Panzer II Light Tank Platoon (GBX108) includes five resin and metal Panzer II Tanks, one plastic Commander sprue and one Unit card.
The Panzer II was intended to be a training tank but, with the outbreak of war, it was pressed into service in the invasions of France and Poland. With a three-man crew—driver, commander, and radio operator— the Panzer II was the most numerous tank in the German army back during its Early-War heydey. Even then, the Panzer II only got its chance for the fact that a sufficient number of Panzers III & IV had not yet been produced.

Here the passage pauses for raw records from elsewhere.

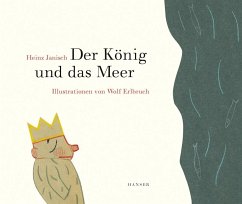 Der König und das Meer - Janisch, Heinz;Erlbruch, Wolf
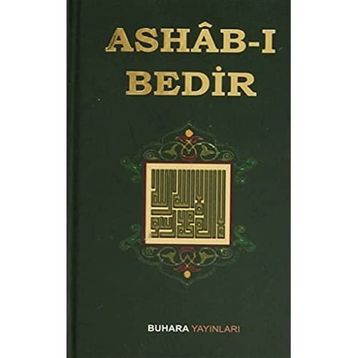 Ashab-ı Bedir - M. Kemalleddin Keçeci Halil El-Giridi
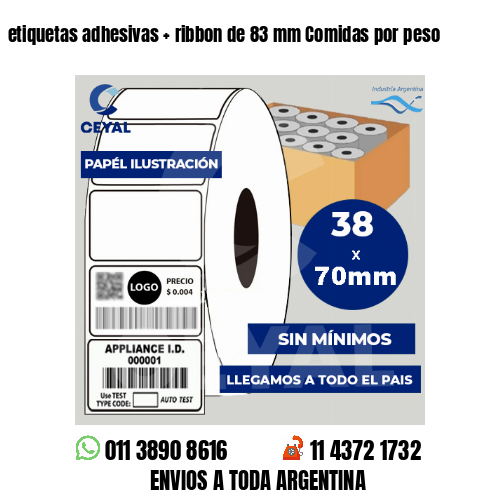 etiquetas adhesivas   ribbon de 83 mm Comidas por peso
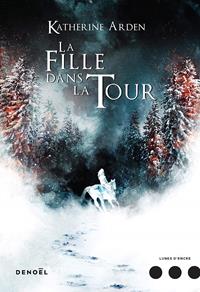 Trilogie d'une Nuit d'Hiver : La Fille dans la Tour #2 [2019]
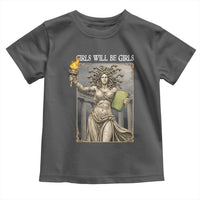 Funny Feminist Medusa Statue Of Liberty Toddler T Shirt Girls Will Be Girls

The Panzer II Now, on the battlefields of the Eastern Front, the Panzer II takes the role of scouting and screening. The Panzer II can be sent ahead of the main tank company to ward off light flanking attacks, and to root out any hidden tank-killers or infantry. Utilising the Spearhead rule, the Panzer II can extend your deployment zone and allow you to bring your forces forward to a better position right from the deployment phase. The Panzer II had a crew of three men. The driver sat in the forward left hull with the gearbox on the right. The commander sat in a seat in the turret, and was responsible for aiming and firing the cannon and co-axial machine gun, while a loader/radio operator sat on the floor of the tank behind the driver. He had a radio on the left and several 20mm ammunition storage bins. Production of the tank itself ceased by 1943, but its chassis remained in use as the basis of several other armored vehicles, chiefly self-propelled artillery and tank destroyers such as the Wespe and Marder II.